With the pictures left out, write every entry down exactly.

----- Provided information -----

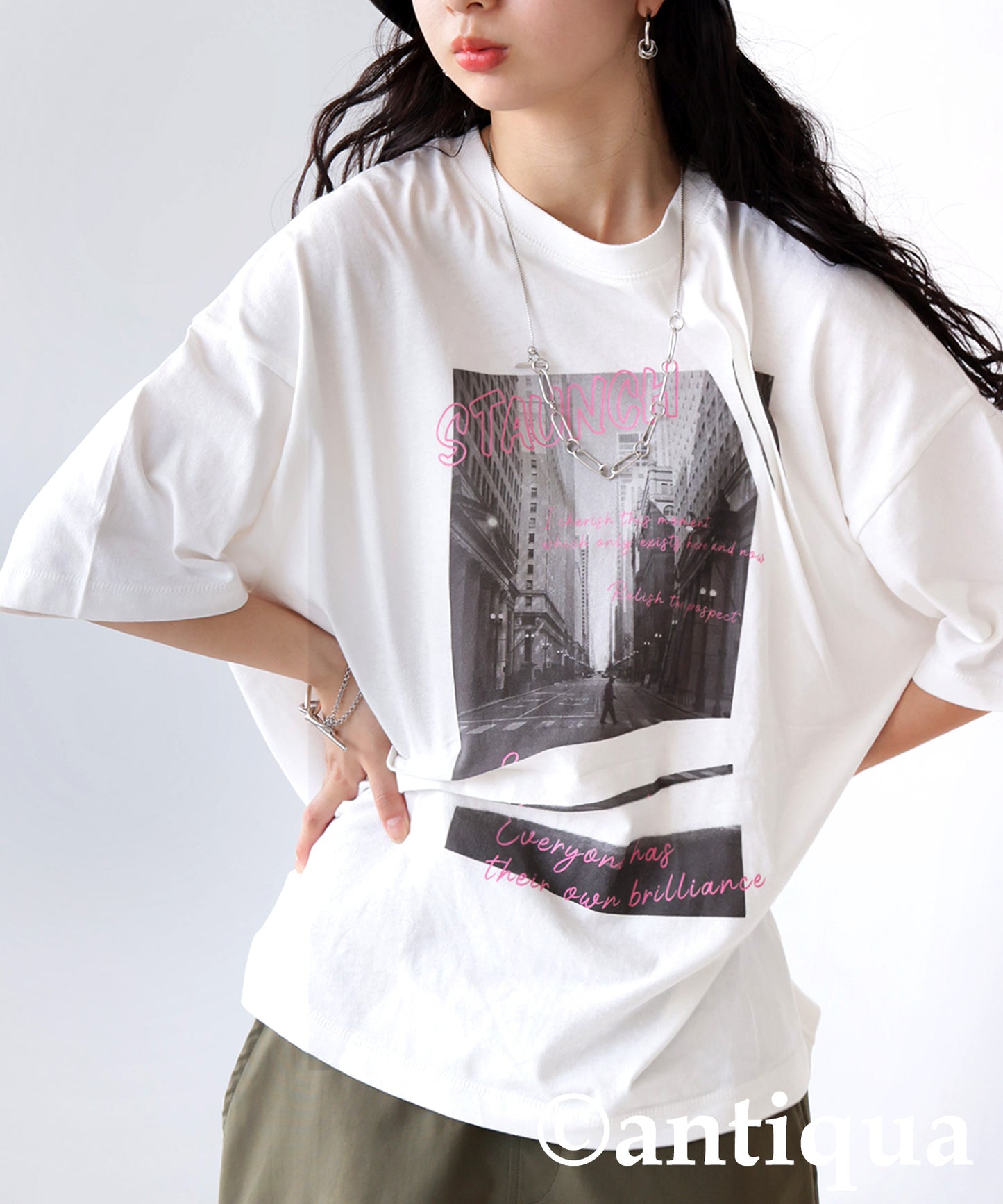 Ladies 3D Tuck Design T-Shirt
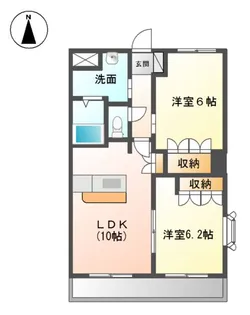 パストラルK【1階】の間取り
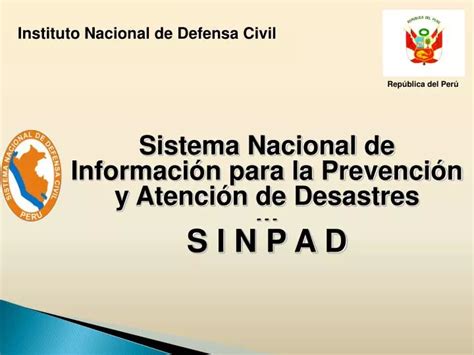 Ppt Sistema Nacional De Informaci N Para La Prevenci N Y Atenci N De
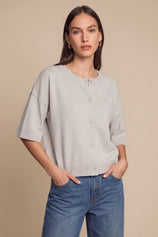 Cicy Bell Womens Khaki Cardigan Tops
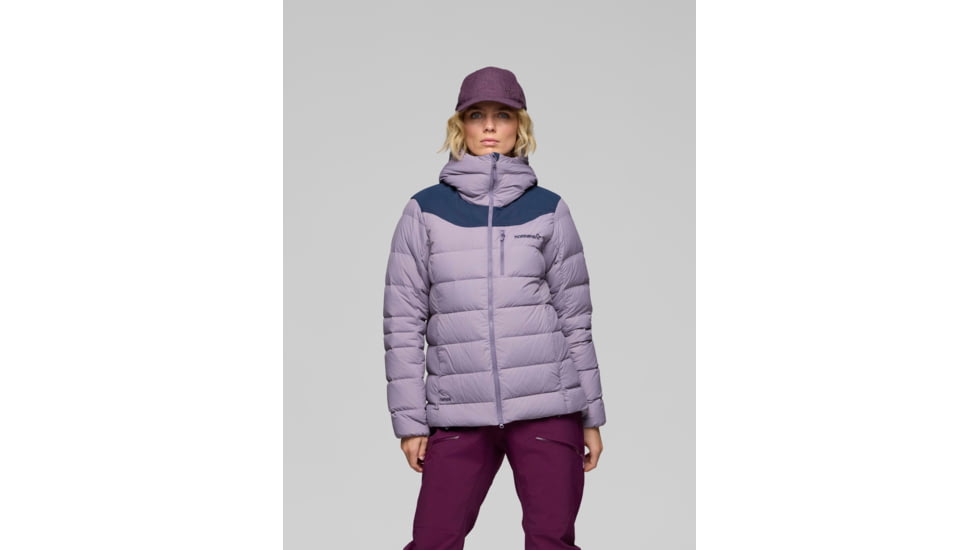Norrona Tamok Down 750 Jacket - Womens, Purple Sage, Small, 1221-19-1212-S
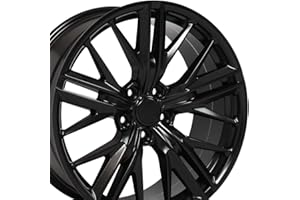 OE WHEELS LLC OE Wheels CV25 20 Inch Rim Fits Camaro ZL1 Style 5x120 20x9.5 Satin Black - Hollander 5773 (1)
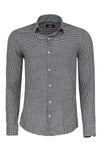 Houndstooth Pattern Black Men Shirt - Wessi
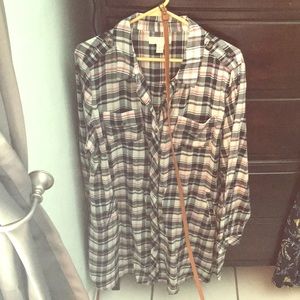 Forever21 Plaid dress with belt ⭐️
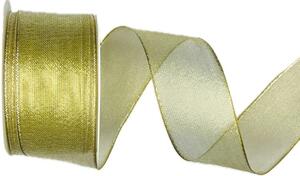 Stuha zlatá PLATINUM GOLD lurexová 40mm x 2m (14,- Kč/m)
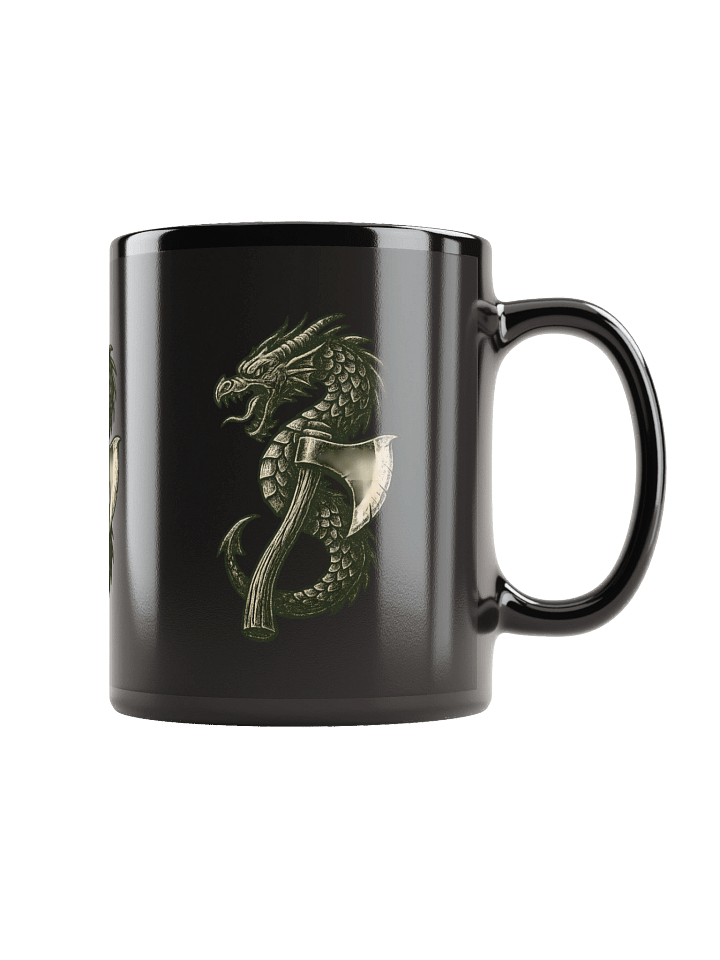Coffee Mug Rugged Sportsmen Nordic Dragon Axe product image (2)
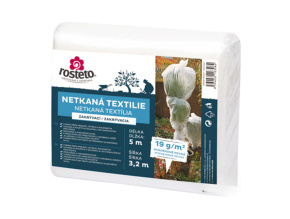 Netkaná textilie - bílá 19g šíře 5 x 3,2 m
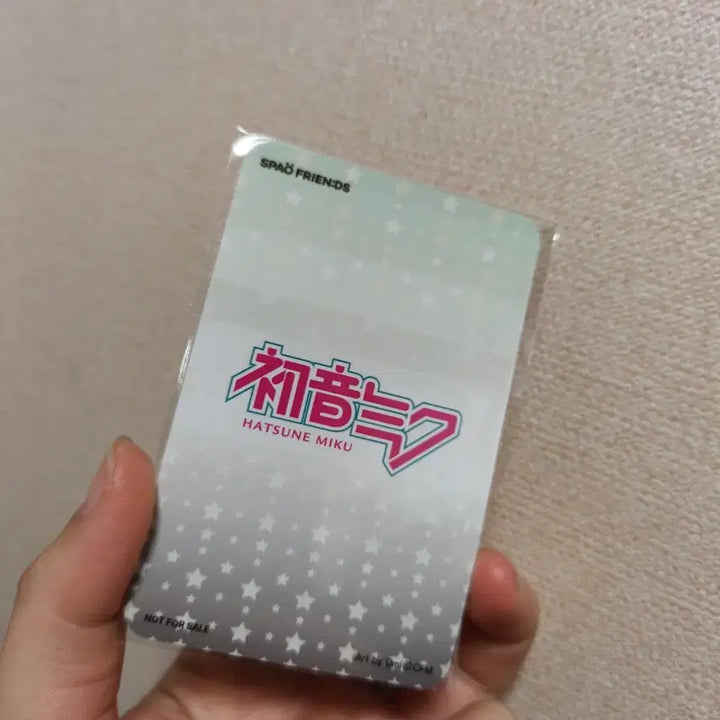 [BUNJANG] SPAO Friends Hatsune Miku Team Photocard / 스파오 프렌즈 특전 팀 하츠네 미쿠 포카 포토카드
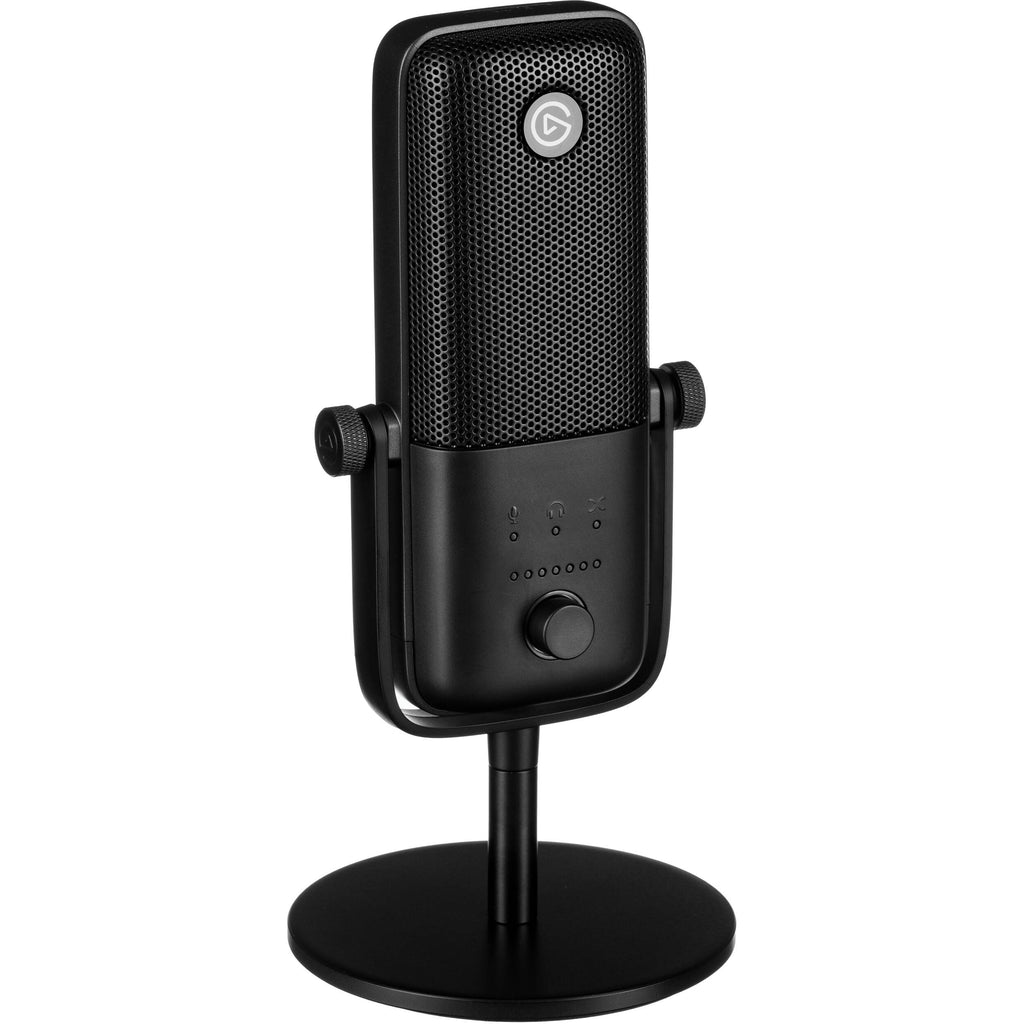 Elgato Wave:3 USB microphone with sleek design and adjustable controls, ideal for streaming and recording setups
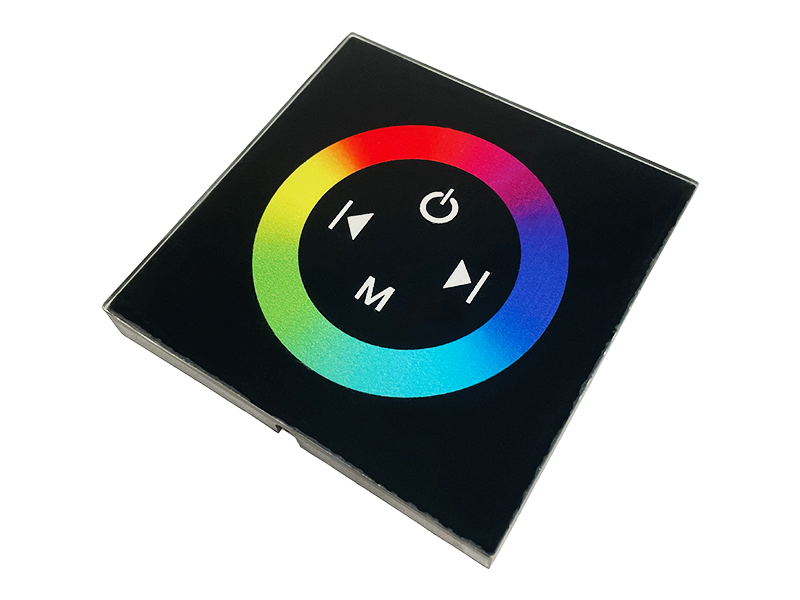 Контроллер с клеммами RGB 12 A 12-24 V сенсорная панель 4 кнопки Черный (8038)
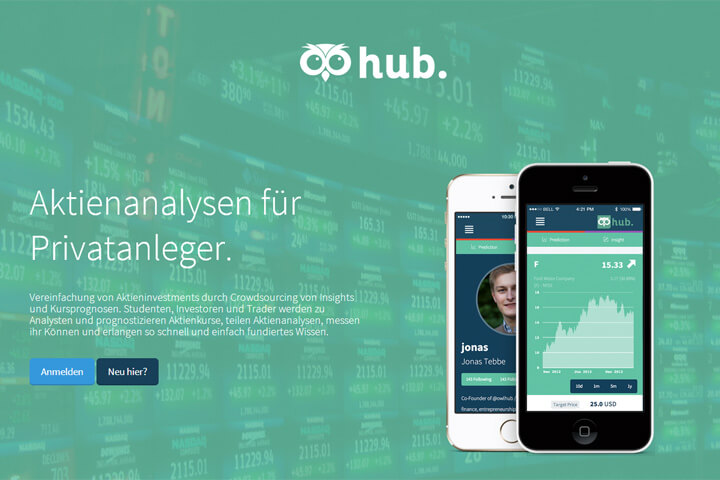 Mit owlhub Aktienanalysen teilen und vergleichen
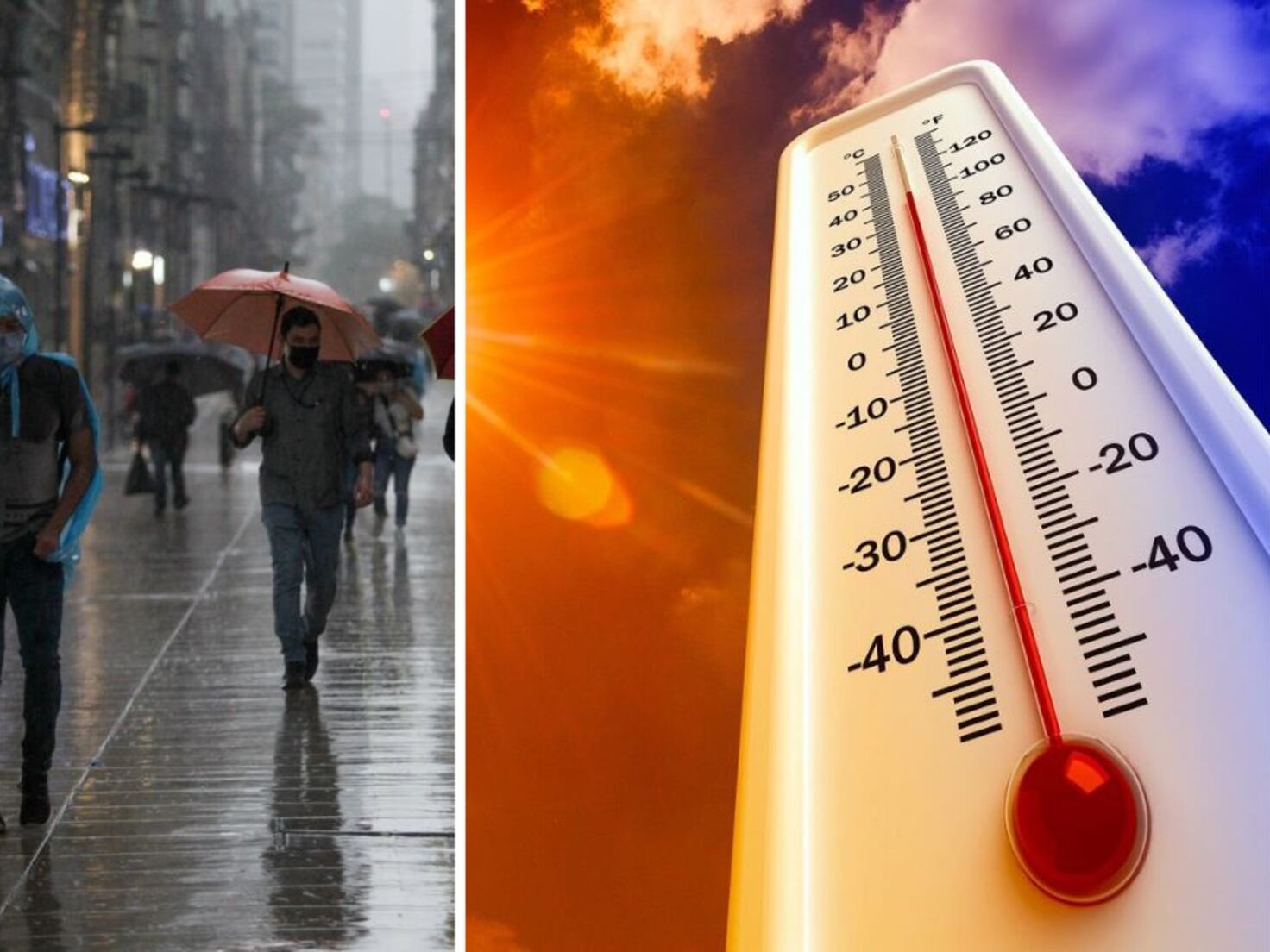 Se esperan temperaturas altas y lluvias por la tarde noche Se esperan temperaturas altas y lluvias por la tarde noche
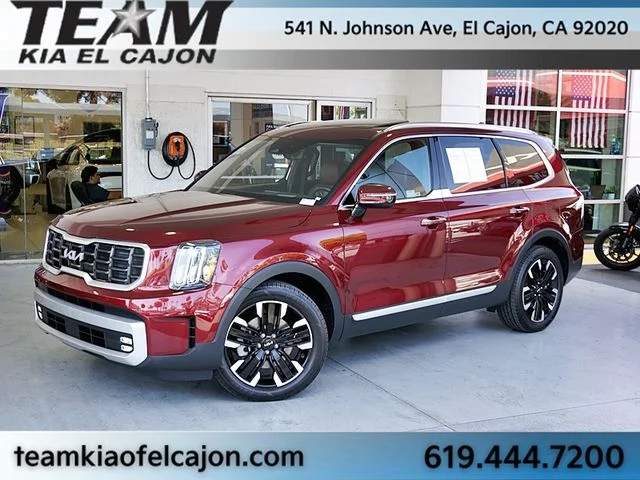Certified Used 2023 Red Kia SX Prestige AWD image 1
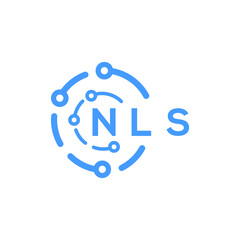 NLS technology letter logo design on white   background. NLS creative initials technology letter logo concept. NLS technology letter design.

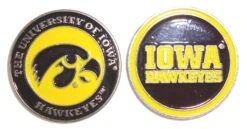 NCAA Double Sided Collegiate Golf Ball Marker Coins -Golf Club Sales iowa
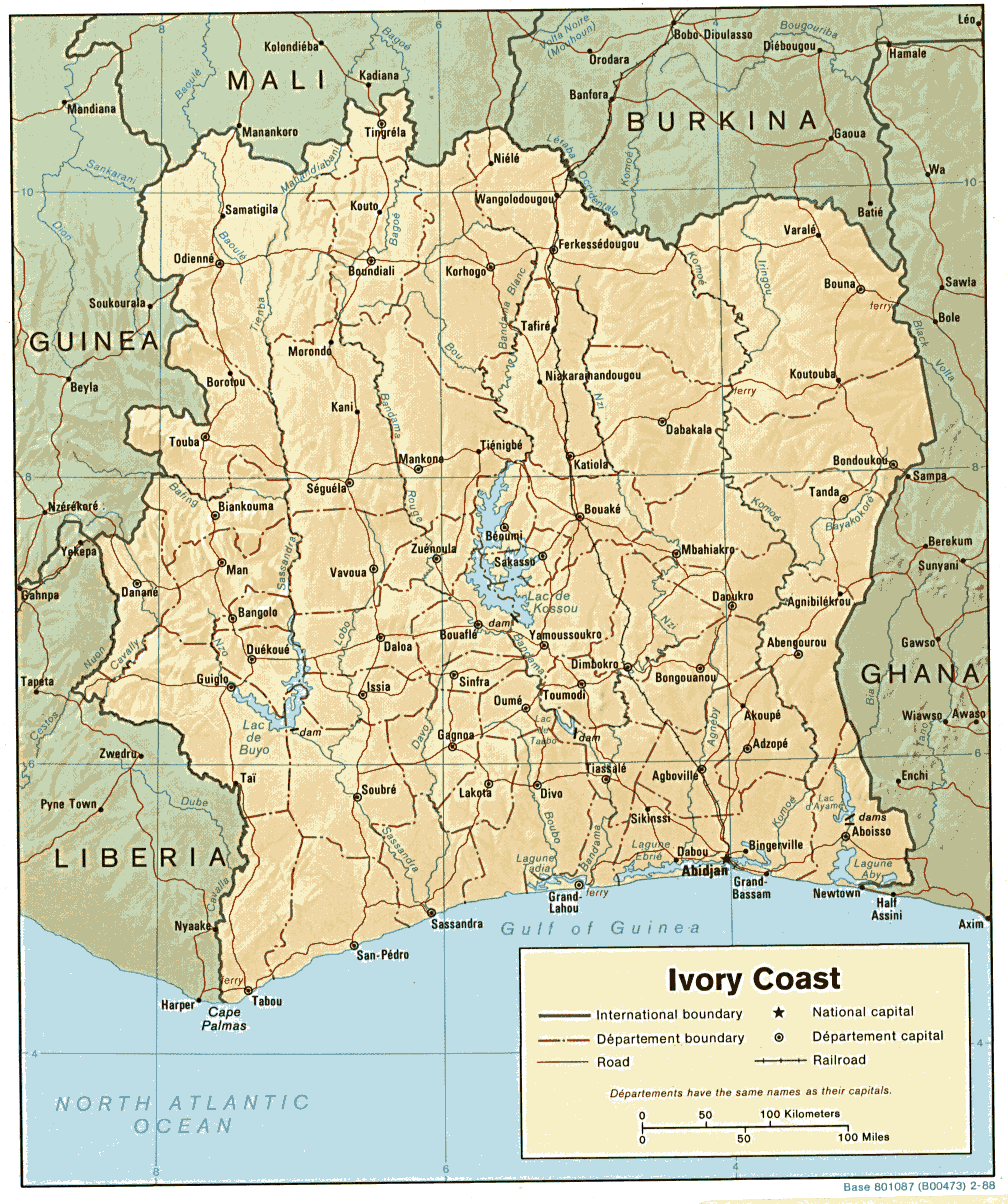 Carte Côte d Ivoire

-----

• _Task response_
 Ladies 3D Tuck Design T-Shirt
 パストラルK【1階】の間取り
 Ppt Sistema Nacional De Informaci N Para La Prevenci N Y Atenci N De
 Cicy Bell Womens Khaki Cardigan Tops
Norrona Tamok Down 750 Jacket - Womens, Purple Sage, Small, 1221-19-1212-S
 OE WHEELS LLC OE Wheels CV25 20 Inch Rim Fits Camaro ZL1 Style 5x120 20x9.5 Satin Black - Hollander 5773 (1)
 Houndstooth Pattern Black Men Shirt - Wessi
 Forever21 Plaid dress with belt ⭐️
 Stuha zlatá PLATINUM GOLD lurexová 40mm x 2m (14,- Kč/m)
Coffee Mug Rugged Sportsmen Nordic Dragon Axe product image (2)
 Netkaná textilie - bílá 19g šíře 5 x 3,2 m
 [BUNJANG] SPAO Friends Hatsune Miku Team Photocard / 스파오 프렌즈 특전 팀 하츠네 미쿠 포카 포토카드
 Elgato Wave:3 USB microphone with sleek design and adjustable controls, ideal for streaming and recording setups
 Контроллер с клеммами RGB 12 A 12-24 V сенсорная панель 4 кнопки Черный (8038)
 Mit owlhub Aktienanalysen teilen und vergleichen
 Se esperan temperaturas altas y lluvias por la tarde noche Se esperan temperaturas altas y lluvias por la tarde noche
Certified Used 2023 Red Kia SX Prestige AWD image 1
 NLS technology letter logo design on white   background. NLS creative initials technology letter logo concept. NLS technology letter design.

 NCAA Double Sided Collegiate Golf Ball Marker Coins -Golf Club Sales iowa
 Carte Côte d Ivoire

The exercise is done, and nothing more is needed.